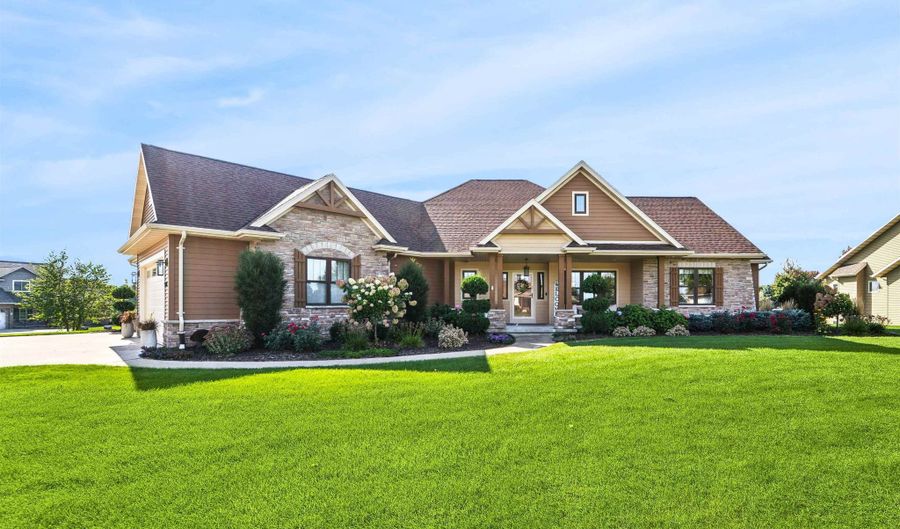 5039 W RED BARN Ct, Appleton, WI 54913 - 5 Beds, 4 Bath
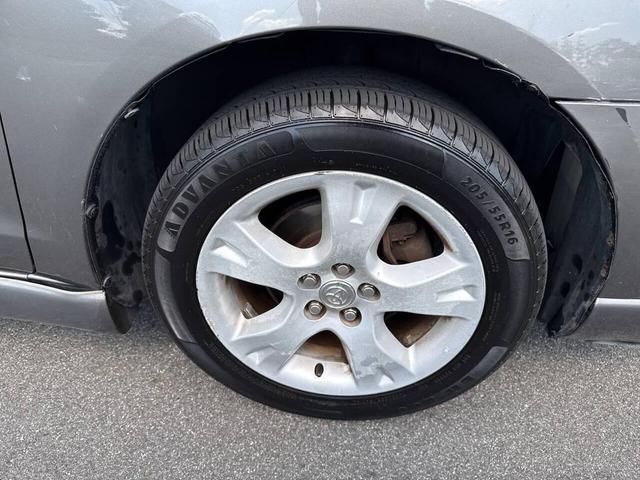 Photo of 2005 Gray Toyota Matrix
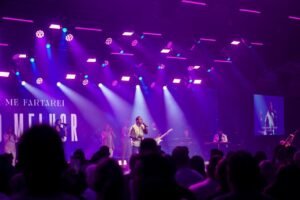 Davi Sacer apresenta o single e clipe de “Maior Valor”, seu primeiro lançamento pela Universal Music Cristian Group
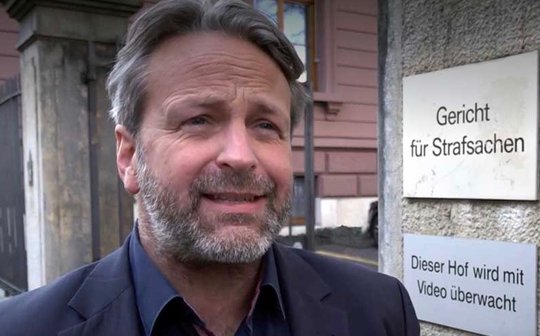 In jungen Jahren am Mikrofon von Radio Basilisk: Heute ist der engagierte Anwalt Jascha Schneider-Marfels im Verwaltungsrat des Basler Privatsenders...       (Bild © Balex AG)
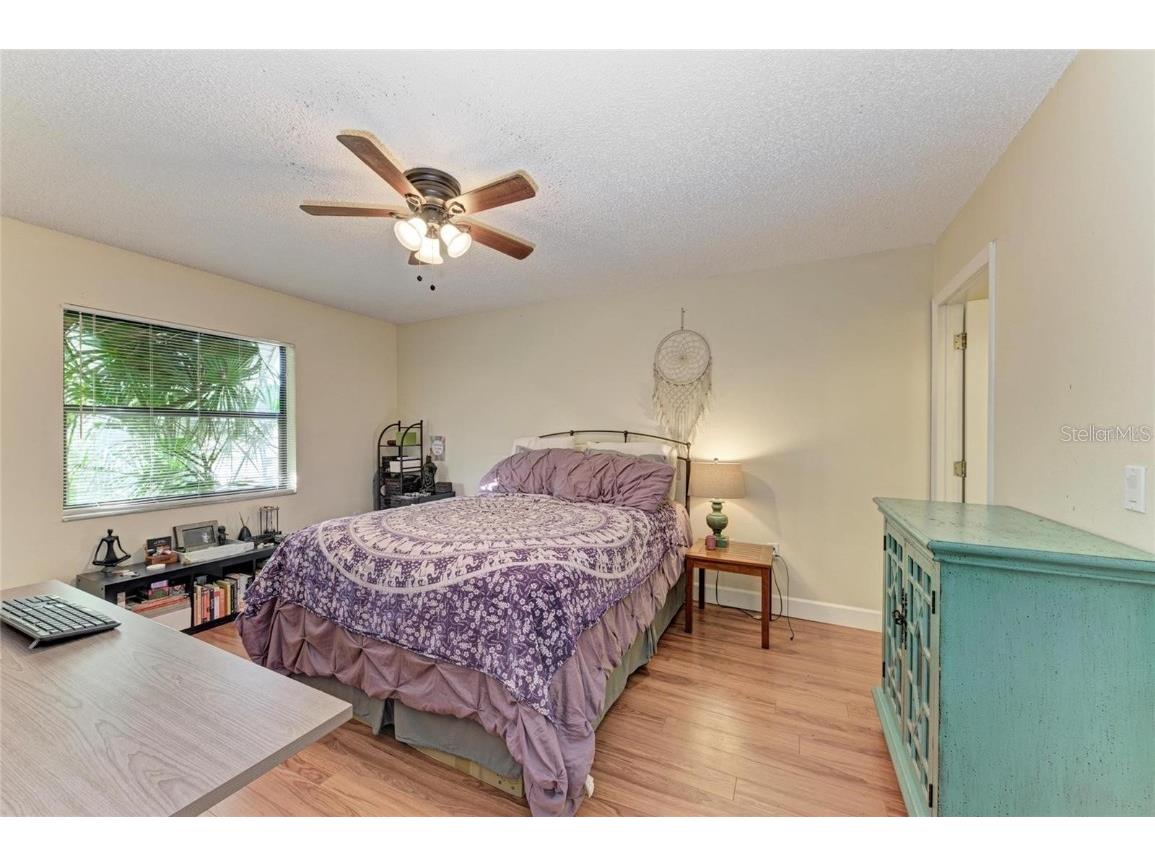 428 40th Court W Palmetto FL 34221 A4649394 image16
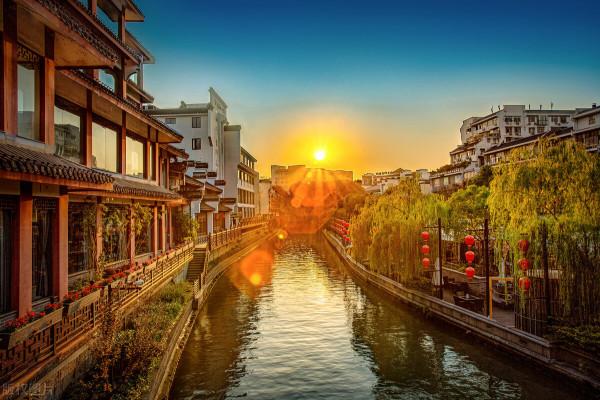 既有悠悠歷史，又有俗世煙火，來南京看看吧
========================
> What is expected
Give again exactly the lines from the one that contains "Davi Sacer apresenta" through the end of the material, both ends included, omitting the pictures.

> Expected answer
 Davi Sacer apresenta o single e clipe de “Maior Valor”, seu primeiro lançamento pela Universal Music Cristian Group
 In jungen Jahren am Mikrofon von Radio Basilisk: Heute ist der engagierte Anwalt Jascha Schneider-Marfels im Verwaltungsrat des Basler Privatsenders...       (Bild © Balex AG)
 428 40th Court W Palmetto FL 34221 A4649394 image16
 既有悠悠歷史，又有俗世煙火，來南京看看吧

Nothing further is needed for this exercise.